Tried to read this but its hard going for me. The gist of it though seems to be exactly what SillyBilly has been telling us

 

https://www.bis.org/publ/qtrpdf/r_qt1603a.htm

The BIS warns that QE is causing inequality. Draghi agrees that inequality is a problem.

"The crucial question is whether a person can participate fully in the economy over his or her life-time – get a good education, find a job, buy a home for the family. Income and wealth follow. What makes me worry is that increasing inequality might prevent people from doing that. This is an issue all our societies need to look at carefully."

Then Draghi announces more QE! And reaffirms he will print whatever it takes to maintain the Euro.

The disturbing thing is the BIS, of which Carney, Yellen and Draghi etc. are board members, are publishing report after report (and have been for 2-3 years) saying the experiment is failing (and even warning of civil unrest).

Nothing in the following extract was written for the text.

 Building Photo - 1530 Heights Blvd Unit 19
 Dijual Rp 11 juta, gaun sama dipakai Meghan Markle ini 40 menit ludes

This is peoples' lives, this Euro experiment will set Europe back decades when its done, I am convinced they'll bring everything down before they let it fail. Just watch for when the ECB expands into buying corporate bonds, that will be the next marker of desperation. This will be a de-facto bank bailout, protecting the balance sheet of banks, putting a bid under the market and allowing banks to make loans in full knowledge the ECB will put a bid under any junk debt. Crony capitalism - don't allow the banks to go bust, buy their bad assets with free money and impose austerity on the public! As Draghi says, there is no limit to what the ECB will buy (with printed from nowhere money). It is like watching a car crash in slow mo.